Given this it should make sense as to why, when calculating H', we take the dominant color, max, and calculate the difference between the other two colors as the numerator. In this numerator one color is subtracted from the other. To make sense of which color is the one subtracted it is best to go through an example:

If we have rgb(40, 120, 80), our calculation would be 2 + (80 - 40)/80 = 2.5, which would then get divided by 6 in step 3, yielding a hue of .416. In degrees this hue would be 150, which is 30 degrees closer to pure blue (located at 240 degrees) than is pure green (located at 120 degrees). Because blue has a greater hue than green and red has a smaller hue (in terms of degrees), we add blue and subtract red when green is the dominant color.

Going through these calculations for our example color of rgb(34, 224, 208) results in the following:

  1. We see that max does not equal min, so we go to step 2.
  2. G = max, so H' = 2 + (B - R) / dif = 2 + (.8156863 - .13) / .745098 = 2.9157896.
  3. We see that H' is positive, so H = H' / 6 = 2.9157896 / 6 = .4859649.

So we have determined that the hue for rgb(34, 224, 208) is .4859649.

Saturation

Saturation S is defined as follows:

  1. If dif = 0, then S = 0. Otherwise,
  2. define D by the follwing:
    1. if sum < 1, then D = sum. Otherwise,
    2. D = 2 - sum.
  3. S = dif / D

Step 1 follows much the same logic as step 1 for hue. If min = max then the color is gray, so there is no saturation. This step would not be necessary (it would be handled by step 3) save for the edge cases where sum = 0 or sum = 2 (in both these cases dif would equal 0), which would cause division by 0.

For step 2, note that sum has a range of [0, 2], so D is the distance of sum to its nearest extreme.

In step 3 we take dif and scale it into the interval [0, 1]. D places an upper bound on dif, and so accomplishes this scaling. Doing this is intended to mirror our notion of what saturation is: how colorful a color is relative to its brightness. dif, being equal to max - min, describes how colorful something is by measuring how far away the maximum and minimum channels of RGB are, as the closer these channels are the more gray a color is. D can be though of as a way to measure brightness.

How well this definition aligns with our perception of saturation is questionable, and the HSL model is generally agreed to have failed in this regard, but nevertheless it acts as a decent approximation. Consider these shades of blue, however:

  1. hsl(.55, .9, .5)
  2. hsl(.66, .8, .5)
  3. hsl(.55, .5, .5)
  4. hsl(.66, .4, .5)

To me, shade 2 seems more saturated than shade 1, but I think we can all agree that 1 and 2 are more saturated than 3 and 4.
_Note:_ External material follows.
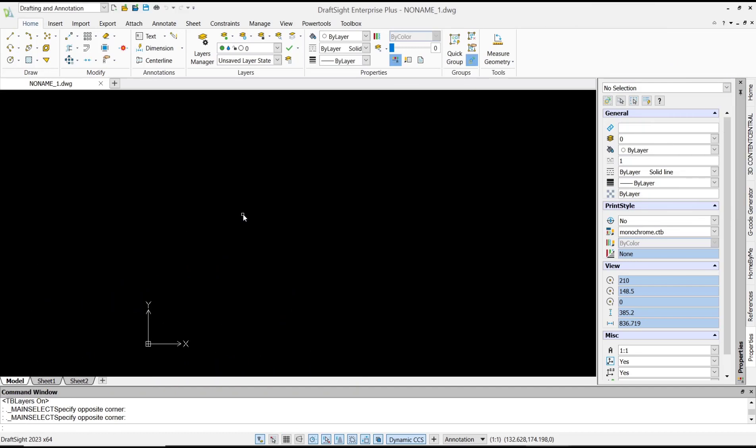Hello everyone, today we are going to learn basic DraftSight tutorials: how to move to coordinates.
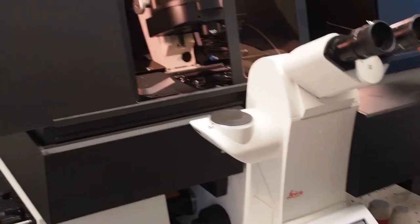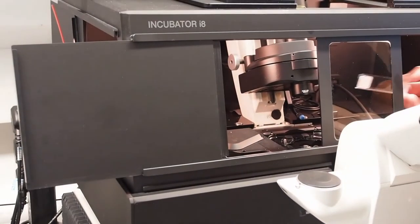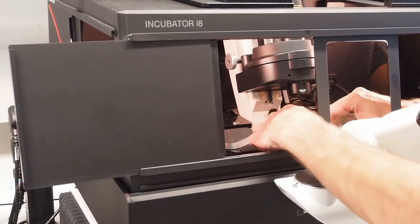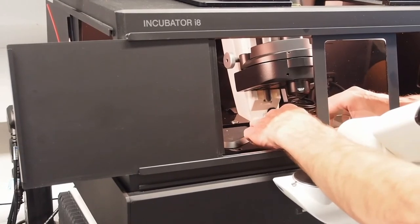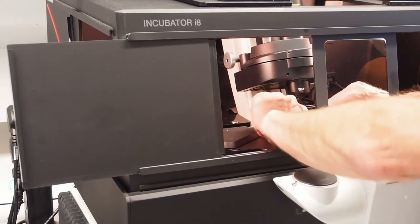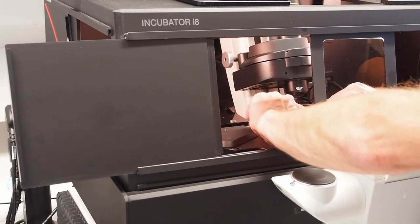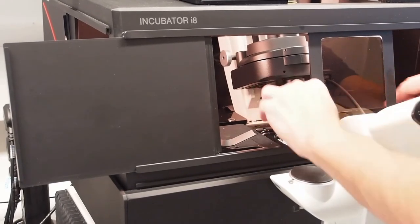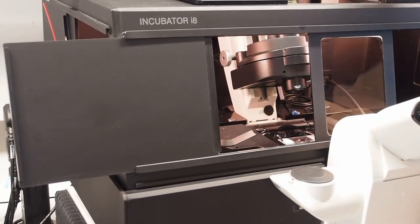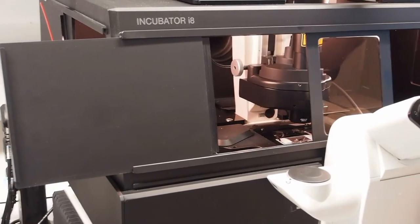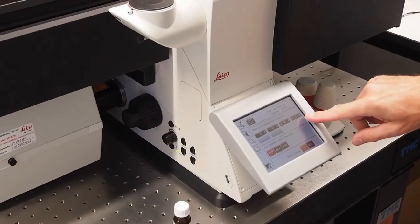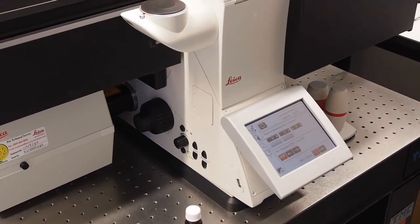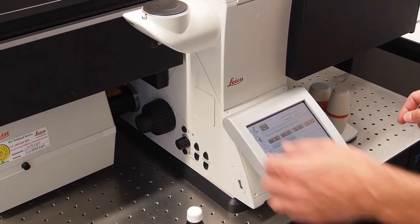Place the slide back on the stage upside down. Make sure it's secured and bring down the condenser. On the touch screen the 63 is flashing and press it again and it will come up to focus.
This example is meant to show that HSL is not a perfect model, but that it is a working model.

For our example color we see that

  1. dif does not equal 0, so
  2. sum > 1, so D = 2 - sum = 2 - 1.0117647 = .9882353
  3. S = dif / D = .745098 / .9882353 = .7539683.

Thus we have determined that the saturation for rgb(34, 224, 208) is .7539683.

Lightness

Lightness is defined as simply sum / 2, the average of max and min. This is certainly the most immediately appealing to intuition.

For our example color this would mean that L = 1.0117647 / 2 = .5058824.

And with that we determine that the HSL representation of rgb(34, 224, 208) is hsl(.4859649, .7539683, .5058824).

In CSS the hue value would be multiplied by 360, and the saturation and lightness would be multiplied by 100 with a percent sign affixed, yielding hsl(175, 75%, 51%) (after rounding).


The mathematically inclined will notice that the transformations from RGB to HSL are not linear transformations, and thus straight-line paths in RGB will not be preserved. This will be the motivation behind the construction of gradients in these spaces.